[Task material]
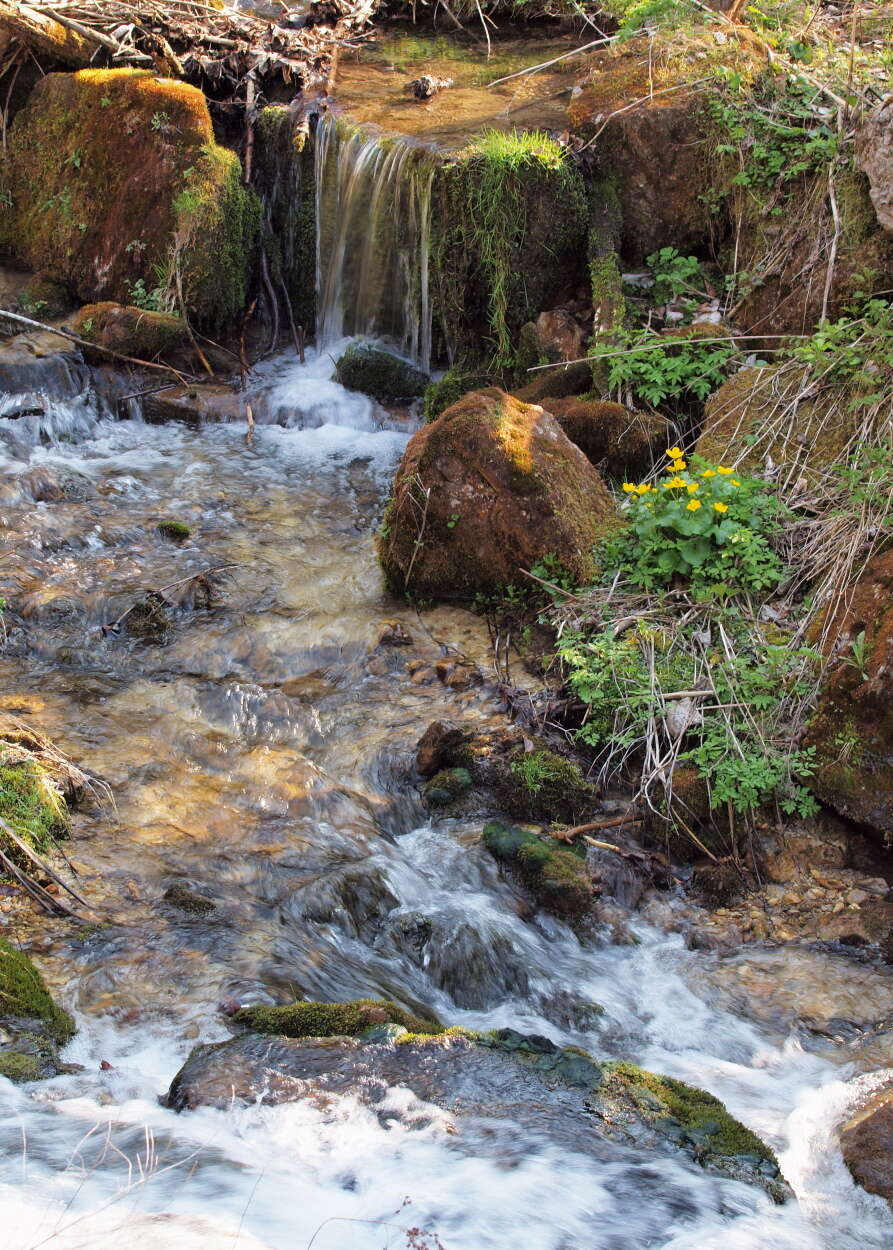 Image of marsh marigold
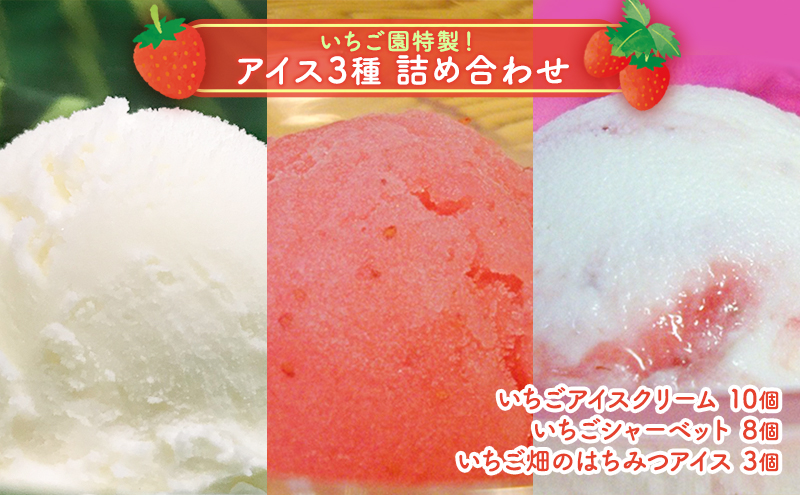 浜いちごのアイスクリーム・シャーベット・いちご畑のはちみつアイスのたっぷり詰合せ スイーツ セット 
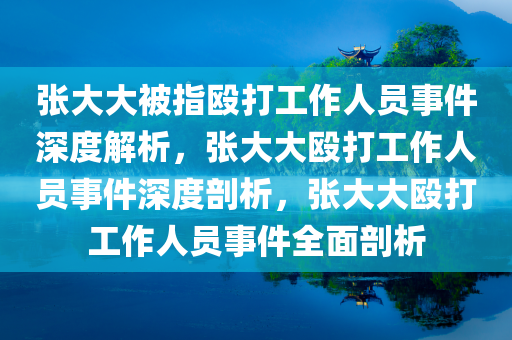 张大大被指殴打工作人员事件深度解析，张大大殴打工作人员事件深度剖析，张大大殴打工作人员事件全面剖析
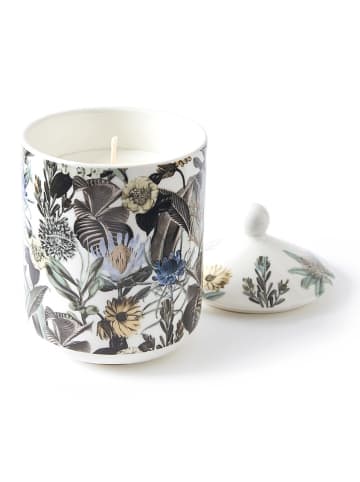CXL by Christian Lacroix Duftkerze "Garden Bleu clair - Jasmin & Ylang", 315 g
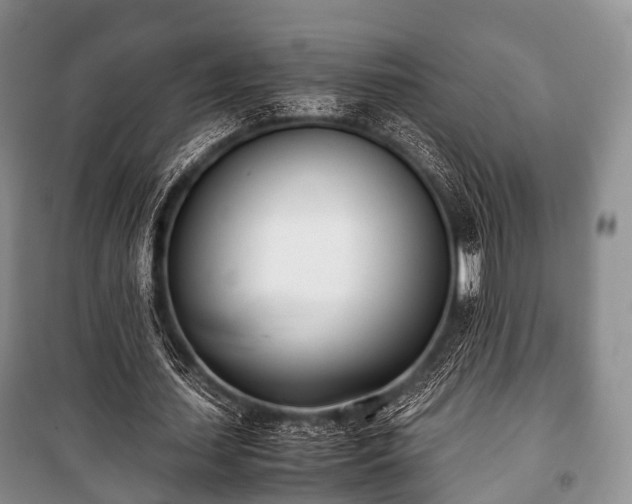 X0000100770627200806261544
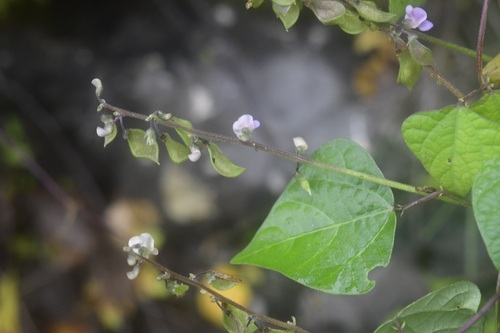 Phaseolus microcarpus, photograph 4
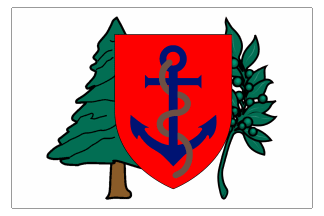 [Newburyport Independent Marine Company Flag]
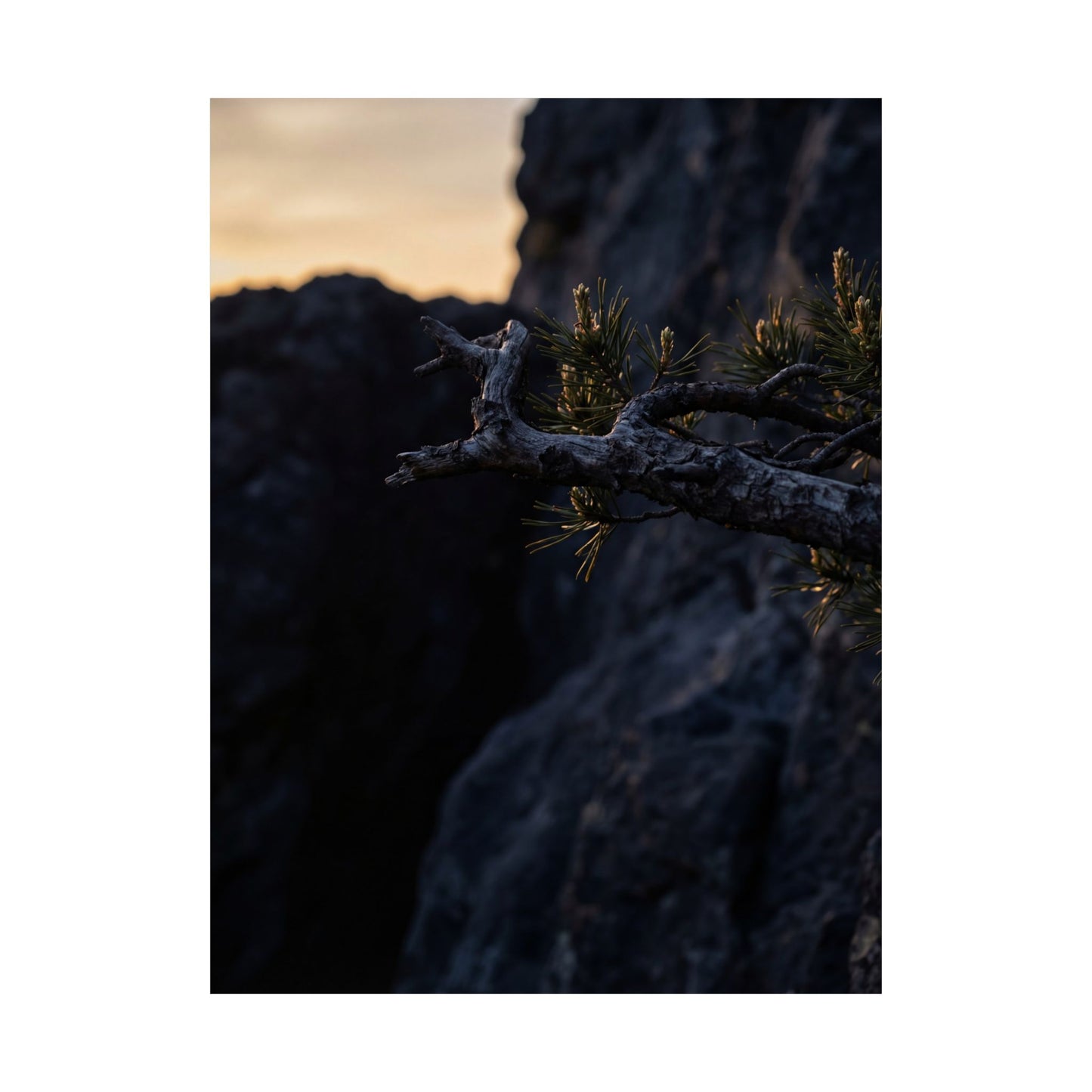 Pine Tree Moody Minimal Wall Art Print | Luxurious Dark Japandi Art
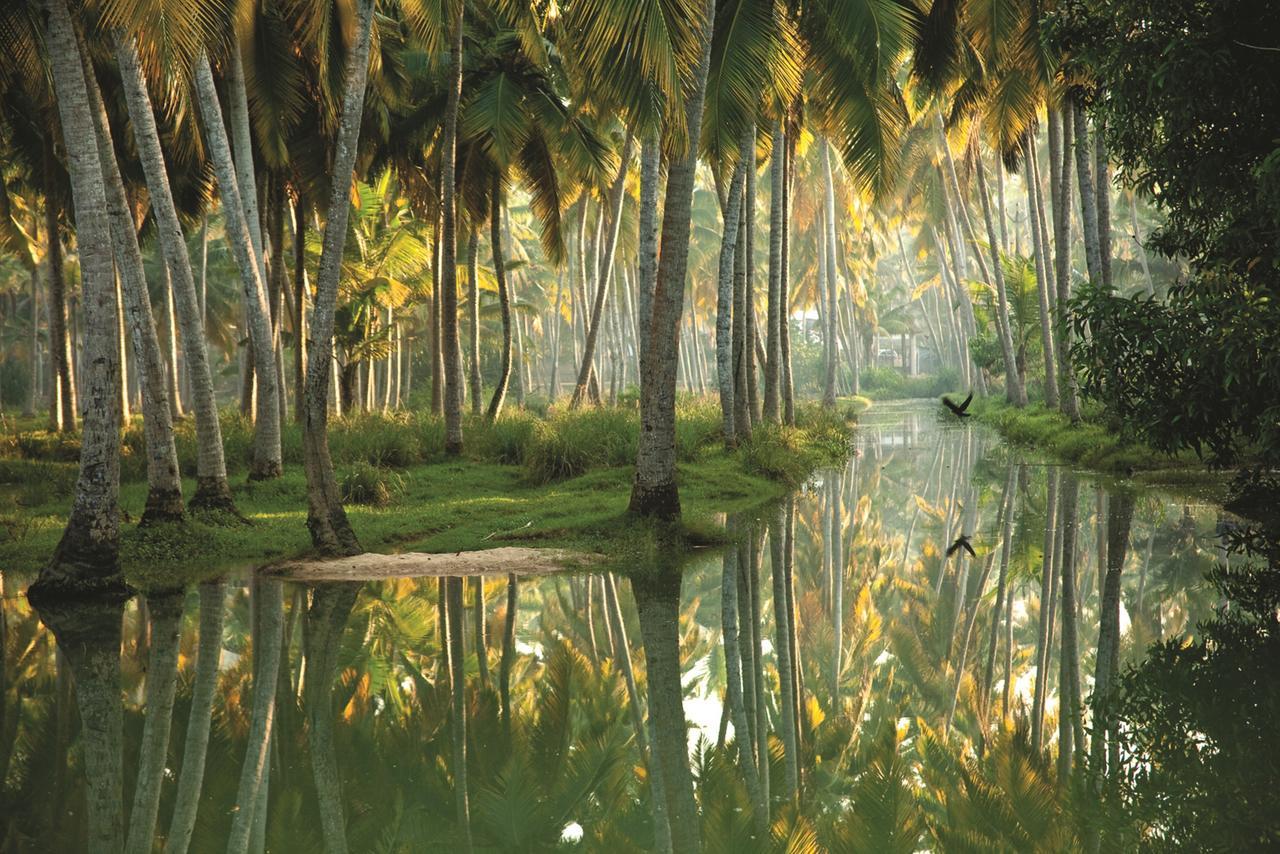 Isola Di Cocco Ayurvedic Beach Resort Poovar Buitenkant foto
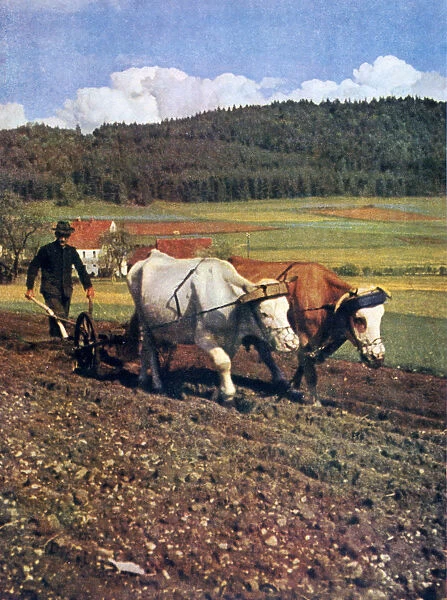 Tilling, Germany, 1943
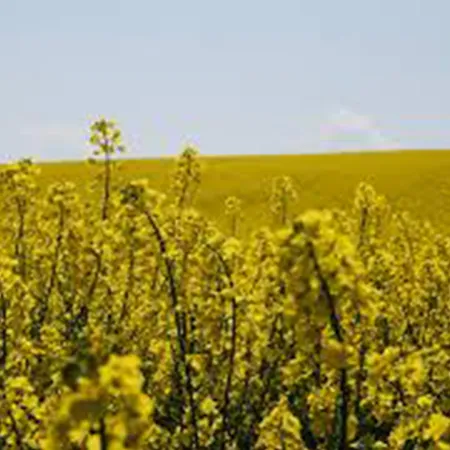 Canola Organic Carrier Oil 1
[/Task material]
Every line of the data above should be repeated exactly. Omit the pictures.

 Image of marsh marigold
 浜いちごのアイスクリーム・シャーベット・いちご畑のはちみつアイスのたっぷり詰合せ スイーツ セット 
 张大大被指殴打工作人员事件深度解析，张大大殴打工作人员事件深度剖析，张大大殴打工作人员事件全面剖析
CXL by Christian Lacroix Duftkerze "Garden Bleu clair - Jasmin & Ylang", 315 g
 X0000100770627200806261544
 Phaseolus microcarpus, photograph 4
 [Newburyport Independent Marine Company Flag]
 Pine Tree Moody Minimal Wall Art Print | Luxurious Dark Japandi Art
 Isola Di Cocco Ayurvedic Beach Resort Poovar Buitenkant foto
 Tilling, Germany, 1943
 Canola Organic Carrier Oil 1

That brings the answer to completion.